• THE PROBLEM:
Leave out the images and return all the data word for word.

(ENTRIES SHOWN)

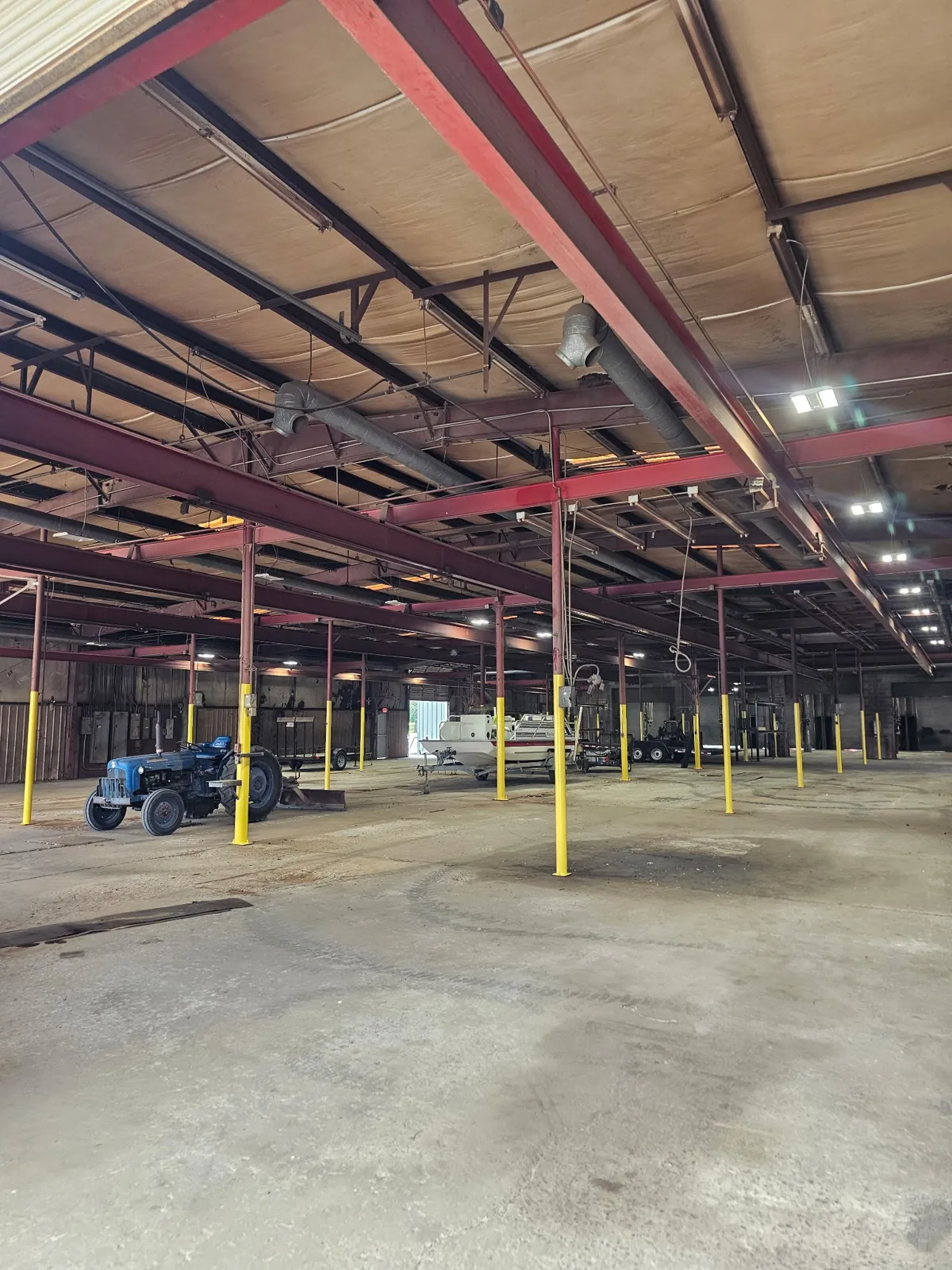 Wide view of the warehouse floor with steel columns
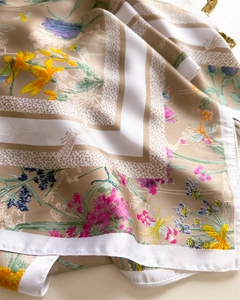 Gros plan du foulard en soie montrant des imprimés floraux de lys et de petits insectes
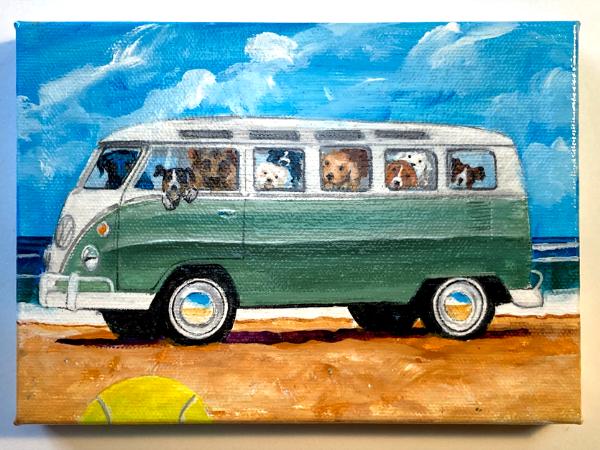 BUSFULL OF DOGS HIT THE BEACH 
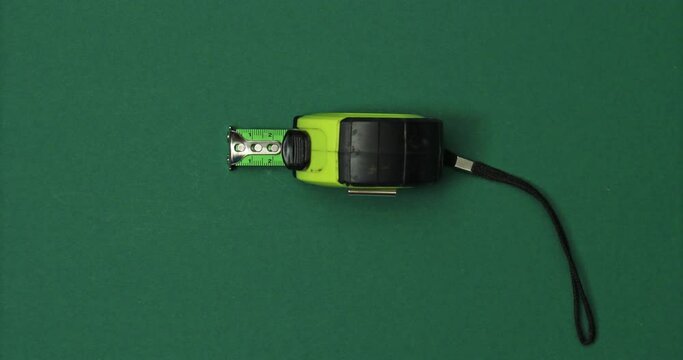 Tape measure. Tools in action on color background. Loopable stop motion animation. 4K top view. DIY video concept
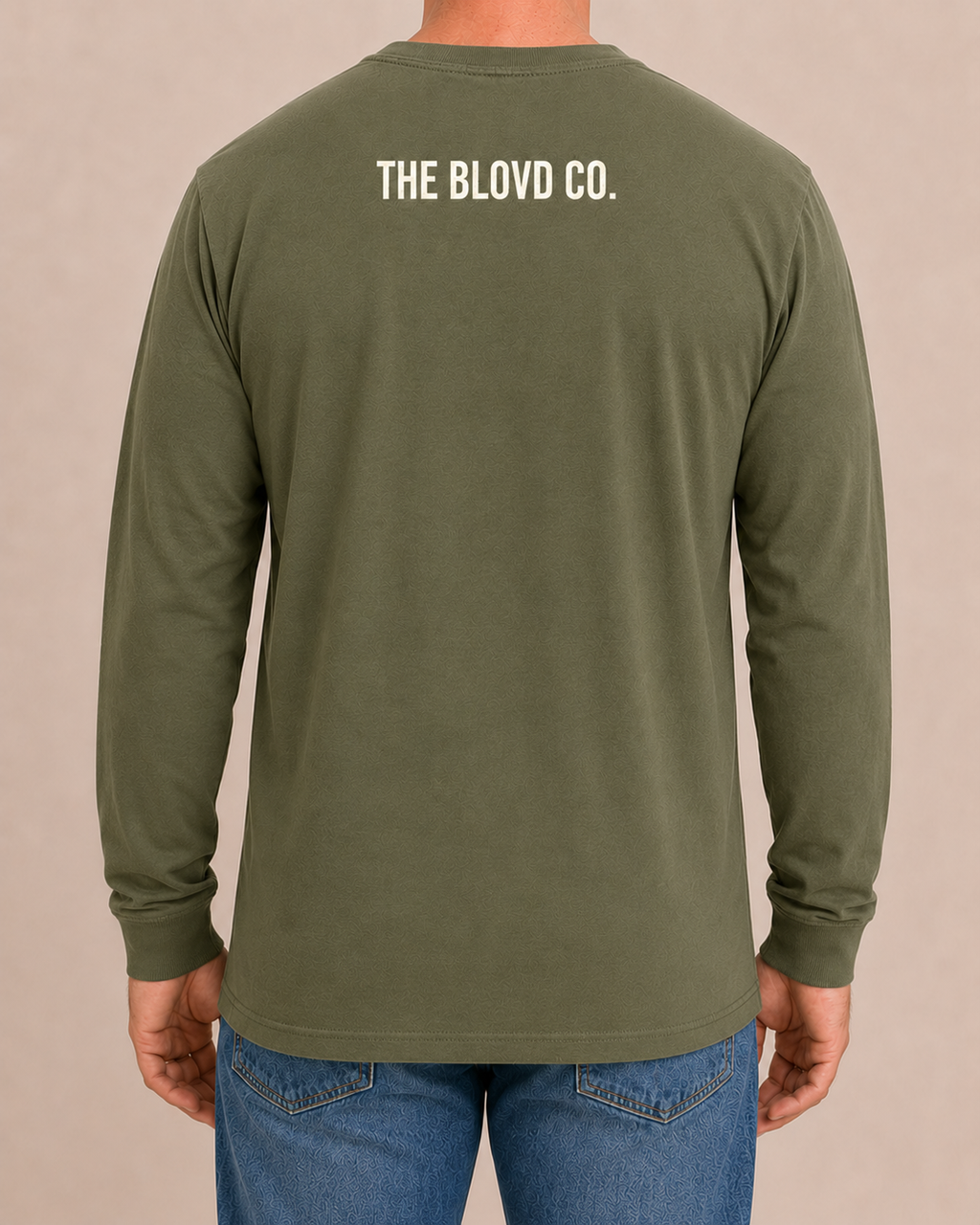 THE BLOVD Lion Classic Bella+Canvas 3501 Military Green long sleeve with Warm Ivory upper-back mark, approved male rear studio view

(End ENTRIES SHOWN)

• WRITTEN RESPONSE:
 Wide view of the warehouse floor with steel columns
 Gros plan du foulard en soie montrant des imprimés floraux de lys et de petits insectes
 BUSFULL OF DOGS HIT THE BEACH 
 Tape measure. Tools in action on color background. Loopable stop motion animation. 4K top view. DIY video concept
 THE BLOVD Lion Classic Bella+Canvas 3501 Military Green long sleeve with Warm Ivory upper-back mark, approved male rear studio view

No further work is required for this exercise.